In 1969, Uvee Mdodana Arbouin became the first ordained woman pastor in the convention.

In the early 2000s, the Progressive National Baptists united with the National Baptist Convention, National Baptist Convention of America, and National Missionary Baptist Convention as the Joint National Baptist Convention; in 2024, the PNBC cooperated with the four conventions again in order to establish a joint agenda for African American Baptists.

The Progressive National Baptist Convention celebrated its 50th Annual Session in Washington, D.C., in August 2011. The PBNC has partnered with the predominantly white mainline American Baptist Churches USA since 1970.

In 2022, the Progressive National Baptist Convention elected Jacqueline A. Thompson as second vice president, which made her the first woman to hold an elected leadership role in the Progressive National Baptist Convention.
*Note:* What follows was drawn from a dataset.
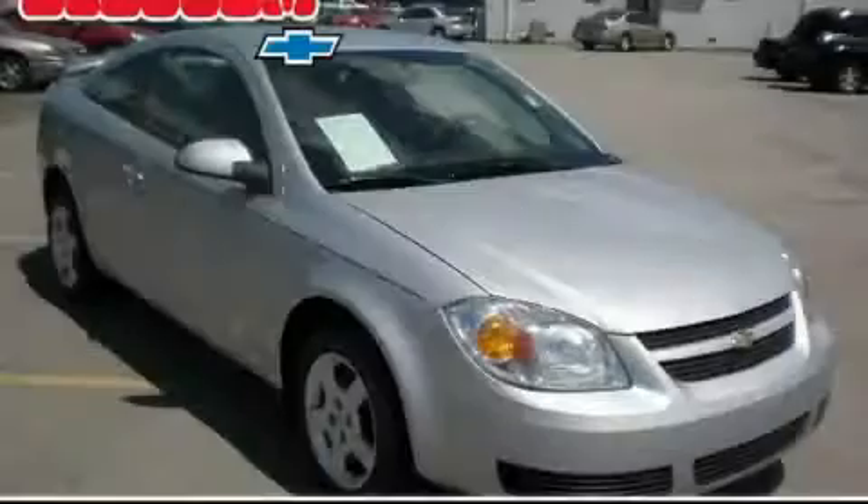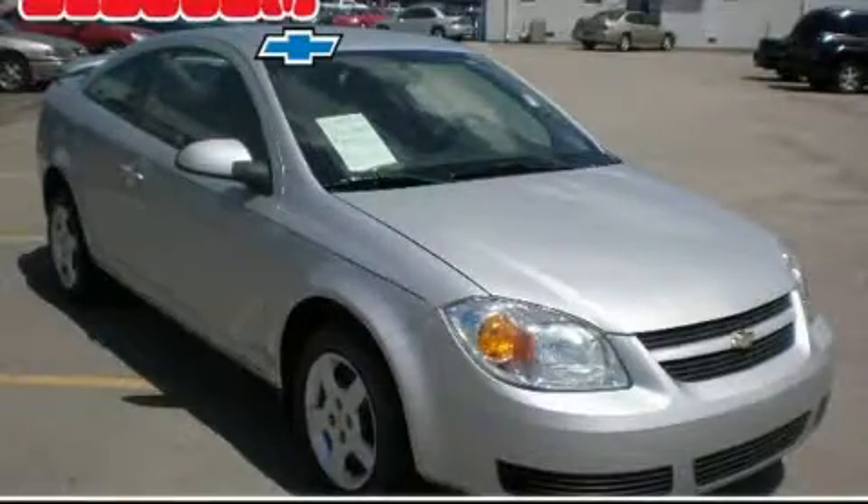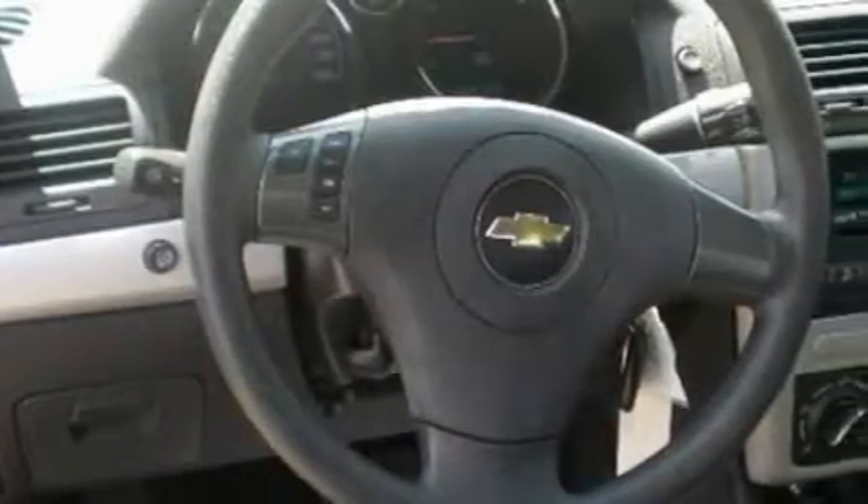Another fine vehicle offered by Blossom Chevrolet. This is a 2007 Chevrolet Cobalt. It has a 2.2-liter four-cylinder engine and an automatic transmission.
On January 22, 2024, before the Joint National Baptist Convention, the PNBC called for a ceasefire in Gaza.

== Statistics ==
According to the Association of Religion Data Archives, in 1963, the PNBC had 500,000 members in 394 churches before growing to 2.5 million members in 1991 spread throughout 1,400 churches. Since then, the convention's U.S.-based membership has stagnated, similar to the National Baptist Convention of America at the time. By 2009, the same organization numbered the PNBC as having 1,010,000 members in 1,500 churches. In 2020, the Association of Religion Data Archives reported the PNBC had 254,571 members in 363 churches in the United States. According to a census published by the Baptist World Alliance in 2022, however, it self-reported 1,500,000 members in 1,362 churches altogether. In another study by the World Council of Churches, its global membership was approximately 2,500,000.

==Beliefs==
In the Progressive National Baptist Convention, many members and affiliates identify with Progressive Baptist theology—being theologically moderate to liberal; this contrasts with the theologically conservative to moderate National Baptist Convention, National Baptist Convention of America, and National Missionary Baptist Convention. The Progressive National Baptist Convention collectively also recognizes the ordination of women. Contrasting, its predecessor—the NBC USA—has no official position on women's ordination, though women do serve as pastors in the convention and in other leadership capacities. According to the PNBC, it creates "opportunities for women in ministry to learn and serve."

=== Marriage ===
It leaves it up to local churches to decide on blessings of same-sex marriage.